2. Modular computing: - Modular computing, especially in the data center, minimizes and simplifies the infrastructure using building blocks that address higher density, lower power, lower thermals, simplified cabling, and ease of upgrading and management. Blade
Servers are an excellent example of modularity.
3.Virtualization: - By creating pools of resources enabled by highly automated management capabilities, virtualization can enable an IT system administrator to utilize far resources in data center, making the resources accessible to more than single application sitting on single physical server.
4. Utility computing: -Utility computing allows an infrastructure to be managed analogously to an electric utility, applying a pay-per-use model, thereby optimizing and balancing the computing needs of an enterprise, and allowing it to run maximum efficiency.
8. Disadvantages of Grid computing
There are some disadvantages with grid computing.
1. Resource sharing is further complicated when grid is introduced as a solution for utility computing where commercial applications and resources become available as shareable and on demand resources.
2. The concept of commercial on-demand shareable adds new, more difficult challenges to the already complicated grid problem list including service level features, accounting, usage metering, flexible pricing, federated security, scalability, and open-ended integration.
9. Applications
Grid computing is applied in many fields. Some of them are
1. Oracle application server 10g, component of oracle fusion middleware has been specifically designed to run enterprise applications on computing grids.

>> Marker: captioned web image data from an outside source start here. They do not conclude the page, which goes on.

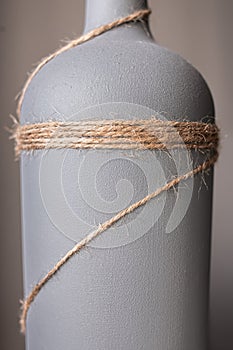 A wine bottle painted gray and decorated with jute rope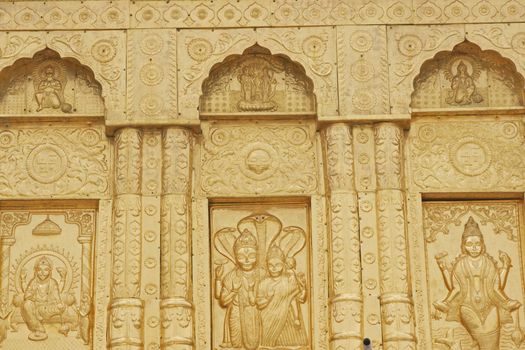 Durgiana Hindu Temple. Detail of ornate gold panel and inlaid mable decorating the front of a hindu temple. Amritsar, Punjab, India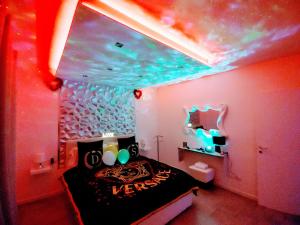 a bedroom with a bed with a fish ceiling at Diamond Suite Verona in Verona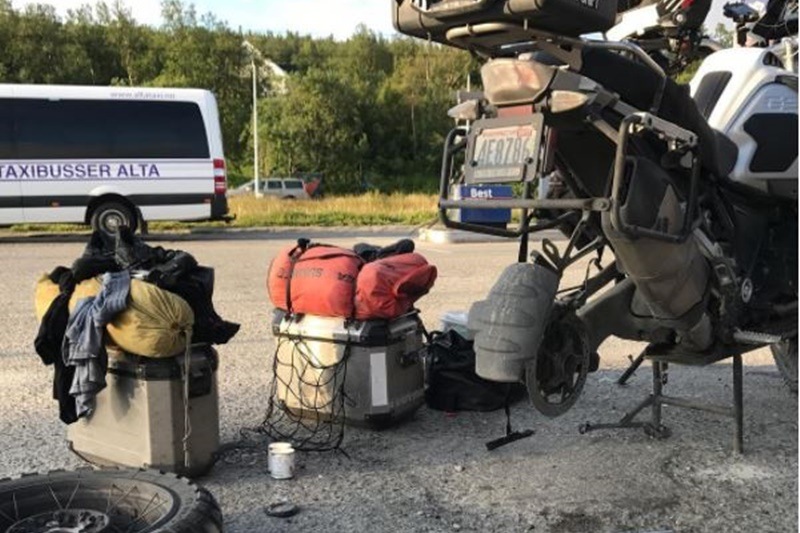 But it isn't always fun and games while doing cross-country or cross-continent runs like these. Pictured here is what Tim calls 'roadside maintenance'. 'Just a routine brake pad swap,' he says.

2. IBM, seeking to push grid computing beyond its scientific and technical roots and into mainstream of commercial business enterprises.


10. Conclusion
The grid architecture and global standards serve a major role in determining the adoption rate of grids in the commercial world. Grid services convections are non trivial in their functions; they solve some of the fundamental issues in distributed computing. With these intersections of services and standards enables a transformation by applying the full power of traditional distributed systems to grids, including naming and binding techniques, across the widest possible set of web services.
Thus I conclude that emergence of grid computing is an important milestone in the development of global web services because it provides uniformity and consistency for many vital distributed system functions.